Security researchers have found a way to subvert the load-up procedure for Windows Vista and bypass its code-signing security checks. Indian researchers Nitin and Vipin Kumar of NV labs have developed a tool called VBoot kit, a custom boot sector loader, which launches from a CD. Once loaded, the tool allows hackers to make …
Microsoft seems to have forgotten the golden rule....
If you build it, they will come.
"Beta" and "Boot CD": How to beat this before the fact
How to defeat the 3v1l boot kit:
1: Don't run a beta of an OS on a production machine (granted this is tough for Linux geeks who like to recompile their kernels twice before breakfast).
2: Don't allow booting from CDs in BIOS (duh).
3: (If you're paranoid about resetting board BIOSes) lock or rivet the case shut to prevent changing a machine's boot order. Modern cases allow padlocks and you can use rivets instead of screws on older ones.
Let's see, we have the evil boot rootkit (defeated), the evil animated cursor vulnerability (defeated: IE protection, user account control and standard accounts on Vista, limited accounts on XP/2K) beaten before their release.
Funny, the only real Vista flaw so far is the slow deleting problem with the shell. Come on, everyone, try harder! It's not like you didn't have a whole year of betas to go looking for flaws... oh wait, yes you did! And this is the best you can find?
Physical access expoit SHOCKER!
Are we supposed to be shocked that, given physical access to the hardware, it's possible to circumvent software-based protection?
Not in the UK
I am sure the UK (labour) Government passed a law banning reverse engineering commercial code and therefore this method is illegal for use here and thus the findings are flawed.
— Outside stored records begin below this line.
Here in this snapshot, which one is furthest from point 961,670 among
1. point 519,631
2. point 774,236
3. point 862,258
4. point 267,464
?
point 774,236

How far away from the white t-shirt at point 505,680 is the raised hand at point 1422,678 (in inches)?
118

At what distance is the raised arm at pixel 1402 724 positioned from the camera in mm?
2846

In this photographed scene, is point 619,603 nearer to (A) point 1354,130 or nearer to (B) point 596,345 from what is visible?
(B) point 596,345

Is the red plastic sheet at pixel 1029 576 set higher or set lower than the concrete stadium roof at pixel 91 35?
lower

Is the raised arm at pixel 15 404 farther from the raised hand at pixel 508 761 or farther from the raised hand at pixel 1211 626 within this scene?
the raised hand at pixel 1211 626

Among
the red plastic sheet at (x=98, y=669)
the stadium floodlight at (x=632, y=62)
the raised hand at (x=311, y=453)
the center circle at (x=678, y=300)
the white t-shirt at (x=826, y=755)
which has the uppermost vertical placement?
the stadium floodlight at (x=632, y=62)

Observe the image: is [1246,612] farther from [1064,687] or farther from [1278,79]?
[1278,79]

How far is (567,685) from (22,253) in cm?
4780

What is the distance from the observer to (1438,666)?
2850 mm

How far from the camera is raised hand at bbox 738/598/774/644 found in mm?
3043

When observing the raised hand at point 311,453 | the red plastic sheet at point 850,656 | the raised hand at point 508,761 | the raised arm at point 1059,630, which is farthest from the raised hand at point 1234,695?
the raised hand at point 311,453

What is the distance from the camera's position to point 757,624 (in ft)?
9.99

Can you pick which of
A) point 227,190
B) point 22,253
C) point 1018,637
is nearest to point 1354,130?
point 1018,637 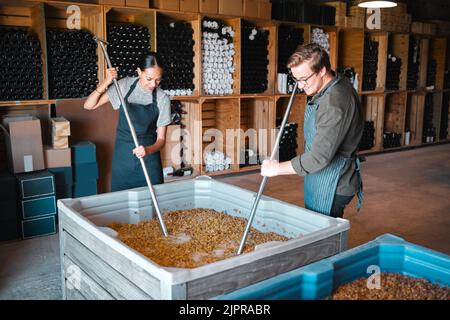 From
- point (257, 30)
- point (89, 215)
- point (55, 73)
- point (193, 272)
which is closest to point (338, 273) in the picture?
point (193, 272)

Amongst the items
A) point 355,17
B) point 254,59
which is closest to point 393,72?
point 355,17

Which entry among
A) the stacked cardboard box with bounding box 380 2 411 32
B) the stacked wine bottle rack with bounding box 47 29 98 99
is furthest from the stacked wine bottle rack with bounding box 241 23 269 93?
the stacked cardboard box with bounding box 380 2 411 32

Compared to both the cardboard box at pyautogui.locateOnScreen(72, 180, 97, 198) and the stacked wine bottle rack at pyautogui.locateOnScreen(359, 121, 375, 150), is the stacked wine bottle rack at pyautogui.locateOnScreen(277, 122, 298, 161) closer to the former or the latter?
the stacked wine bottle rack at pyautogui.locateOnScreen(359, 121, 375, 150)

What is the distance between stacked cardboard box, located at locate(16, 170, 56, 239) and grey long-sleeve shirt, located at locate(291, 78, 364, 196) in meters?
2.47

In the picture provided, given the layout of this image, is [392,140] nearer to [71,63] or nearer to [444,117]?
[444,117]

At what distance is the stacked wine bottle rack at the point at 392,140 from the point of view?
Answer: 8062 millimetres

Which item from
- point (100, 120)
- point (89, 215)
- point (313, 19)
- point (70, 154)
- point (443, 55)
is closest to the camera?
point (89, 215)

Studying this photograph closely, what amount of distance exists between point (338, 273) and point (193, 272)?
0.53 m

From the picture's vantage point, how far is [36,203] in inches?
150

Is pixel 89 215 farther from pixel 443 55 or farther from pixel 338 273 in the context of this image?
pixel 443 55

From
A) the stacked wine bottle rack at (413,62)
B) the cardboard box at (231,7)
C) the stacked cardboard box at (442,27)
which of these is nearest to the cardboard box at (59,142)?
the cardboard box at (231,7)

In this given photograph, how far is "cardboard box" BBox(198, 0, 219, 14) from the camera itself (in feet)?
17.4

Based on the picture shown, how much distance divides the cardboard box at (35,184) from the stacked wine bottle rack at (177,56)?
1.90 metres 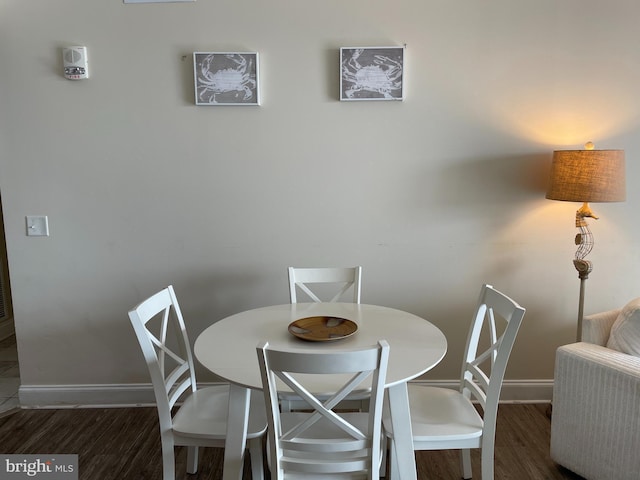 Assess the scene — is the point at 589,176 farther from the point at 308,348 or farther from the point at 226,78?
the point at 226,78

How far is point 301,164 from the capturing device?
2.68 metres

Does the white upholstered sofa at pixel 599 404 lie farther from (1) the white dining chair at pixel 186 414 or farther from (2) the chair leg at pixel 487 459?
(1) the white dining chair at pixel 186 414

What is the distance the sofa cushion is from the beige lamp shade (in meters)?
0.55

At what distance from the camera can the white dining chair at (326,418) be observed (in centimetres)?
138

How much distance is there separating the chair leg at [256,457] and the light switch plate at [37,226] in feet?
5.80

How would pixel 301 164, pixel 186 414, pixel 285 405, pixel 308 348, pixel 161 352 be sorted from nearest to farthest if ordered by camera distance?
pixel 308 348, pixel 186 414, pixel 161 352, pixel 285 405, pixel 301 164

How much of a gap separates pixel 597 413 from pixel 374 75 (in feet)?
6.35

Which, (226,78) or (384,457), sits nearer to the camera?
(384,457)

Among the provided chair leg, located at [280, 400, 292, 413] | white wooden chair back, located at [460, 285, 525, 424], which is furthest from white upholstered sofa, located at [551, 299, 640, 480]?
chair leg, located at [280, 400, 292, 413]

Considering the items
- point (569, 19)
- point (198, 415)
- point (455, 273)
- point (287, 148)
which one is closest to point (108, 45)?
point (287, 148)

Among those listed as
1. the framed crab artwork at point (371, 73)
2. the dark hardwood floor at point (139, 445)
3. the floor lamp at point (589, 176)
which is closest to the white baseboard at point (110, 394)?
the dark hardwood floor at point (139, 445)

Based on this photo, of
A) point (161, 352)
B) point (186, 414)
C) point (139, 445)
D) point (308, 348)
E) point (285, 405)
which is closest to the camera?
point (308, 348)

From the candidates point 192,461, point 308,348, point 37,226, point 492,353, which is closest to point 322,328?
point 308,348

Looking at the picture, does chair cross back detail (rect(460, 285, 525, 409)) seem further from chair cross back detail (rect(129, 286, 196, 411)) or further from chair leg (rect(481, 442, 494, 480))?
chair cross back detail (rect(129, 286, 196, 411)) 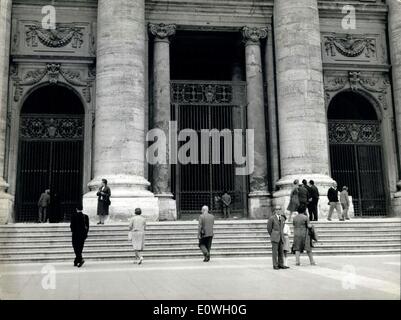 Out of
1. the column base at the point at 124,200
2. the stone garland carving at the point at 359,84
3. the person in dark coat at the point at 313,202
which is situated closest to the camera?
the person in dark coat at the point at 313,202

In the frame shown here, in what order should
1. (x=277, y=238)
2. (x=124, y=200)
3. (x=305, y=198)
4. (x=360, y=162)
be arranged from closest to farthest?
(x=277, y=238)
(x=305, y=198)
(x=124, y=200)
(x=360, y=162)

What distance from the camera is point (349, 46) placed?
2302cm

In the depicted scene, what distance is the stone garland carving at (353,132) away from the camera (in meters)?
23.0

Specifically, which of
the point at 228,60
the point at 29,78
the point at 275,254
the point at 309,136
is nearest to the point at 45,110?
the point at 29,78

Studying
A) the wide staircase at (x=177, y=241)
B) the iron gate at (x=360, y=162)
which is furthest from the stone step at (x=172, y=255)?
the iron gate at (x=360, y=162)

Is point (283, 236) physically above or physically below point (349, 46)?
below

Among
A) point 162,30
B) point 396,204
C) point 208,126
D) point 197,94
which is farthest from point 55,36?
point 396,204

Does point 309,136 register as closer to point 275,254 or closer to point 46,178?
point 275,254

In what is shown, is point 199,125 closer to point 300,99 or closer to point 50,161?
point 300,99

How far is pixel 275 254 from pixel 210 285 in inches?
110

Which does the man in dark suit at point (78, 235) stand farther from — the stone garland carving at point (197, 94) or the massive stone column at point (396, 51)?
the massive stone column at point (396, 51)

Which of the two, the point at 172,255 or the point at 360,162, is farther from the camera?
the point at 360,162

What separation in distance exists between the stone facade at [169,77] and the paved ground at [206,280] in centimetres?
620

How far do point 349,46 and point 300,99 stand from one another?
5.06 m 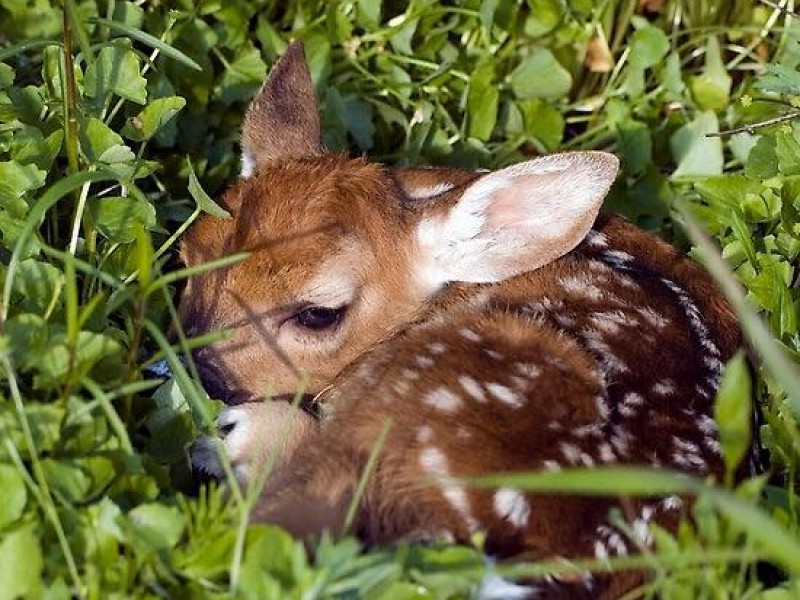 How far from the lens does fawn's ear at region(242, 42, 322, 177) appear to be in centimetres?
378

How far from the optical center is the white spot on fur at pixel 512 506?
257 cm

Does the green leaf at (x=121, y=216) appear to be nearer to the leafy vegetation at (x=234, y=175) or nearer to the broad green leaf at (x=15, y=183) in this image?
the leafy vegetation at (x=234, y=175)

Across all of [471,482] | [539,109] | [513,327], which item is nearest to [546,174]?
[513,327]

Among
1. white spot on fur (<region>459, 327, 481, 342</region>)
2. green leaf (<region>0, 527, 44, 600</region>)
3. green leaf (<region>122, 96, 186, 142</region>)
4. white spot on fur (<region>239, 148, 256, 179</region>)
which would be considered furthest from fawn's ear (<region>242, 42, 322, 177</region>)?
green leaf (<region>0, 527, 44, 600</region>)

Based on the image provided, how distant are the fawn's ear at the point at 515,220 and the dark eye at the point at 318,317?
0.28 m

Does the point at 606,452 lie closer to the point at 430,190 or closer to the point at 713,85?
the point at 430,190

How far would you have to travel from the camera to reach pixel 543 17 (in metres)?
4.53

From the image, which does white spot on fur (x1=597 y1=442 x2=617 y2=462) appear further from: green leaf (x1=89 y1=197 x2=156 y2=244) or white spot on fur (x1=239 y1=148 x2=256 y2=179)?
white spot on fur (x1=239 y1=148 x2=256 y2=179)

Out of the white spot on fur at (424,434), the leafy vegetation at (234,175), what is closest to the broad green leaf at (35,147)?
the leafy vegetation at (234,175)

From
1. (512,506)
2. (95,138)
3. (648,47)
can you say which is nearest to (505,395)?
(512,506)

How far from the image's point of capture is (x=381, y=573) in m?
2.28

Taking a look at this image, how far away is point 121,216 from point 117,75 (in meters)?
0.38

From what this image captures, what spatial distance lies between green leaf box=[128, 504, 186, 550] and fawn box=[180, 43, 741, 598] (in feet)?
0.69

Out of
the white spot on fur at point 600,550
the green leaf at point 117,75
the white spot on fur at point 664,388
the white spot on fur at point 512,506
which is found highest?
the green leaf at point 117,75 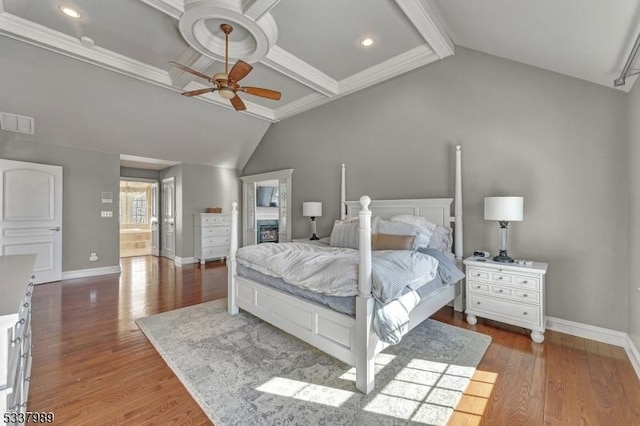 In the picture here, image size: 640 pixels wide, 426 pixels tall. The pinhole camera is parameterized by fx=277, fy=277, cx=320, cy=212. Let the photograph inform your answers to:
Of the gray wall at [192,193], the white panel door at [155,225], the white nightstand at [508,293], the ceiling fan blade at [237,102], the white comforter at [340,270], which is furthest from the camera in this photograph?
the white panel door at [155,225]

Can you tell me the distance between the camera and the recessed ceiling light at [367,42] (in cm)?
338

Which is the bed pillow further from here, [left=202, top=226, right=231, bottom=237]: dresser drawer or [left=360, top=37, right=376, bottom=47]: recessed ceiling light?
[left=202, top=226, right=231, bottom=237]: dresser drawer

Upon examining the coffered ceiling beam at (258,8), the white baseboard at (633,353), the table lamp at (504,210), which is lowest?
the white baseboard at (633,353)

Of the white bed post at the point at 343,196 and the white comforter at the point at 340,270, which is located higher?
the white bed post at the point at 343,196

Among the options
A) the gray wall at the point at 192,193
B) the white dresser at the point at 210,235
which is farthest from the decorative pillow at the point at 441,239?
the gray wall at the point at 192,193

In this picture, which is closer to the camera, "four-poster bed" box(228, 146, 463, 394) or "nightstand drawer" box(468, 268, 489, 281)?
"four-poster bed" box(228, 146, 463, 394)

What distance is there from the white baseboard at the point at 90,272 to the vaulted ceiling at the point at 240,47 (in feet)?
7.70

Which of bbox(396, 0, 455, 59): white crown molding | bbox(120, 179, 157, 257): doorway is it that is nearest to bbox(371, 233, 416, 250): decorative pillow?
bbox(396, 0, 455, 59): white crown molding

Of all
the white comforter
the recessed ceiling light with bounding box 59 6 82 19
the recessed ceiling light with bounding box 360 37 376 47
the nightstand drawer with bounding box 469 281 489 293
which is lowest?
the nightstand drawer with bounding box 469 281 489 293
So Vista is still safe in the UK.
No booting from CD?
Lets be realistic, you can't possibly disable boot from CD in the BIOS. If microsoft software ever tried this it would never go near any PC of mine again.
If I wish to install another OS on MY PC, then I'll damn well do it. No software provider has the right to hijack my machine and prevent me from modifying it.
Same thing if they prevent me from running GPL software, I'd get rid of that OS also.
It doesn't matter what's done to lock the OS down, someone will always want to have a "crack" at it.
If you buid a brick wall and go around telling people it's indestructable, expect someone to come along and have a pop at it. It's just human nature.
MS will never be able to 100% lock it down and I think they probably know this. It's a game of cat and mouse really, they'll just keep patching and patching to try and keep on top of any crack. It's just that the crack will just have to mutate to the same degree as Microsoft's patch. (WGA/IE7 anyone?).
Just two teensy-weensy other flaws, Gordon...
> ...Funny, the only real Vista flaw so far is the slow deleting problem with the shell....
... and the fact that Vista goes tits-up and crashes whenever you try to actually DO anything with it...
... and the fact that there are hardly any usable drivers for Vista even for hardware currently in production.. (yes, I know that MS doesn't write the drivers, but what's the point in third parties writing drivers for an OS that no-one actually seems to want...?)
Looks like the convicted predatory US monopolist is finally facing the possibility of revenue-hunger... after all, only two of its divisions even make a profit: Office and Windows... so if they go down... :-)
‘Researchers unpick Vista kernel protection’
I'm thinking going back to Windowsn 98.
Hackers won't be interested anymore in hacking that one.